No pediré a la ministra que se detenga a leer a ese maestro del siglo XX; aunque alguien debiera hacerlo por ella, antes de que el desbarajuste legal acabe por romper del todo la vida privada. No pediré tanto. Pero, ¿podría, al menos, leer un puñado de endecasílabos del siglo de oro que cifran lo más alto de la literatura, de la inteligencia, en lengua española? Sin comentarios. Leer sólo.
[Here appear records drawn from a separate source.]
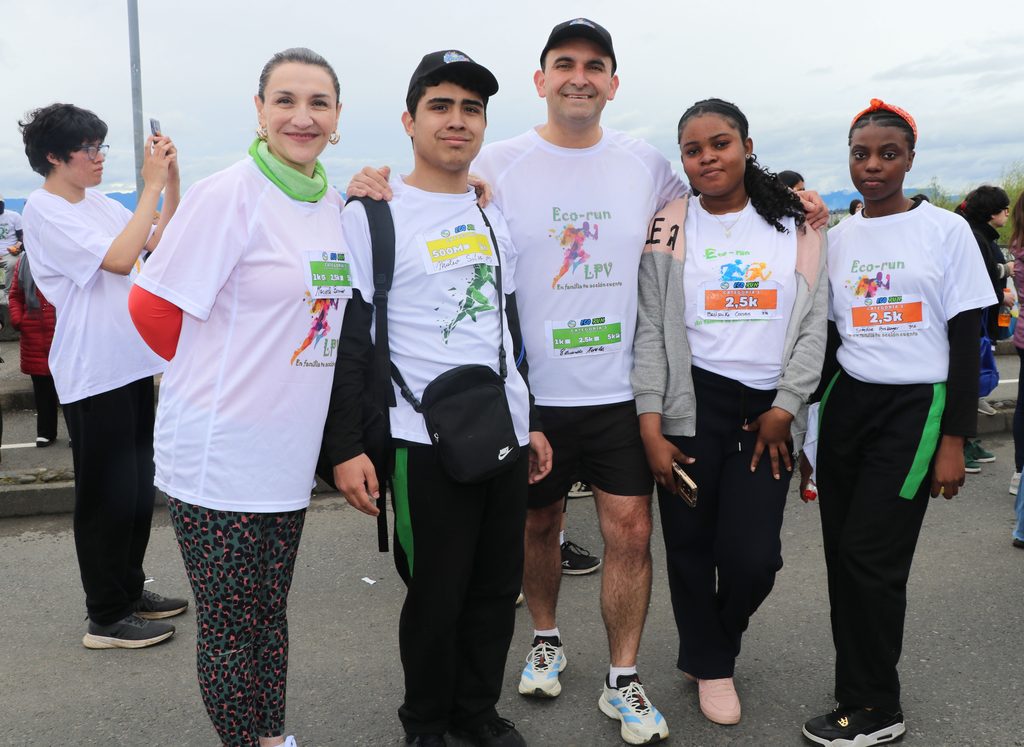 Participantes de la Eco Run 2026 corriendo en la costanera de Villarrica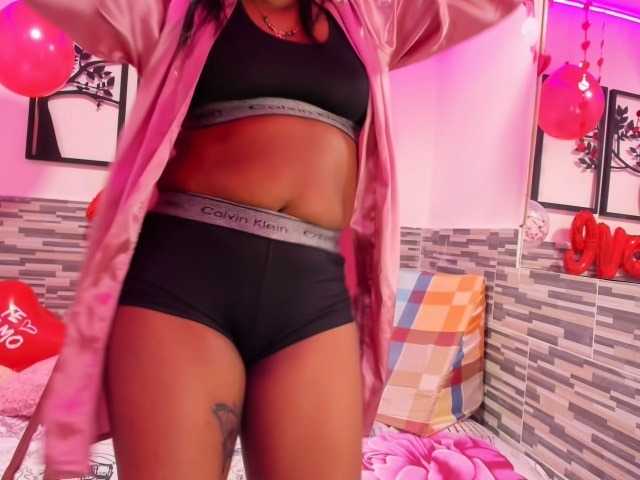 Live sex webcam photo for sexy-baby4 #272453786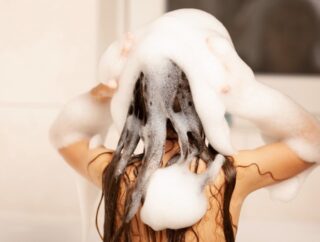 Unikaj codziennego mycia włosów: oto jak to zrobić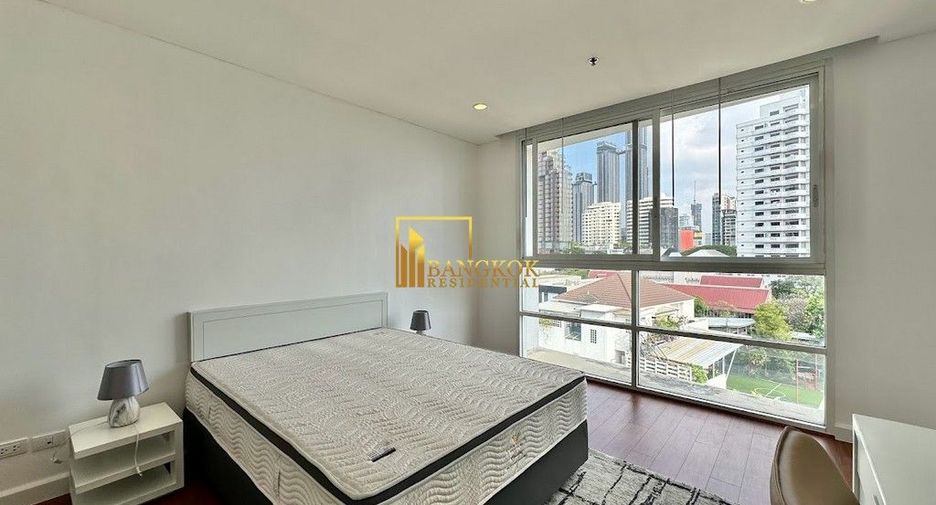 For rent 4 bedrooms apartment in Watthana, Bangkok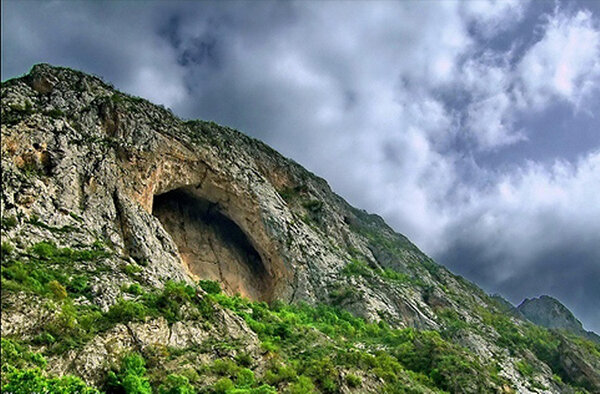 Archaeologists shed new light on massive cave in northern Iran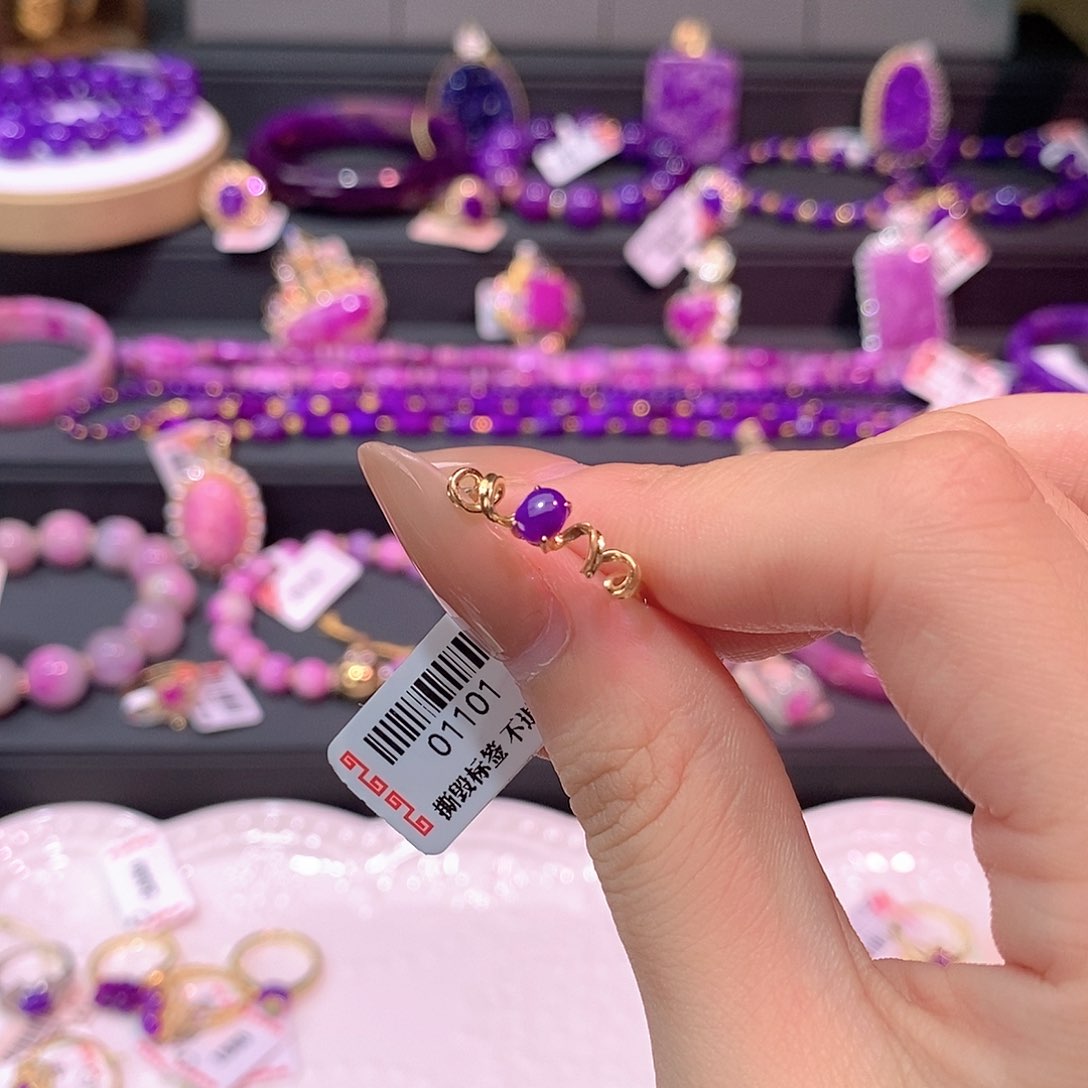 18K金镶嵌苏纪石（舒俱来）戒指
Y saber que todo amor se juega en ambigüedad y paradoja.

Lope: «Creer que el cielo en un infierno cabe». Góngora: «Con la muerte libraros de la muerte / y el infierno vencer con el infierno». Quevedo: «¿Y quién, sino un amante que soñaba, / juntara tanto infierno a tanto cielo?» O, en su forma quizá más desgarrada, sor Juana Inés de la Cruz: «Triunfante quiero ver al que me mata, / y mato a quien me quiere ver triunfante». O, en otro lugar, «a quien más me desdora, el alma ofrezco; / a quien me ofrece víctimas desdoro». ¿Será preciso, a partir de la amenazante ley Calvo, censurar esos sonetos?

Cambio de lengua y de tiempo. Nadie, en los dos últimos siglos, ha dado con la primorosa delicadeza de John Keats la paradoja de los amantes: que sólo preservan su pureza en la intemporalidad de la muerte, porque, en lo vivo, «todo lo marchita el uso». Oda a una urna griega: tan sólo en la piedra esculpida, los amantes conocen un sí sin el menor recelo negativo: figuras que el artista congela en el instante previo a su roce; por toda la eternidad; sin tiempo. En el instante de mármol que precede al contacto: «eternamente la amarás y eternamente será bella». Porque son piedra. Muerta. Y sólo lo que no vive no muere.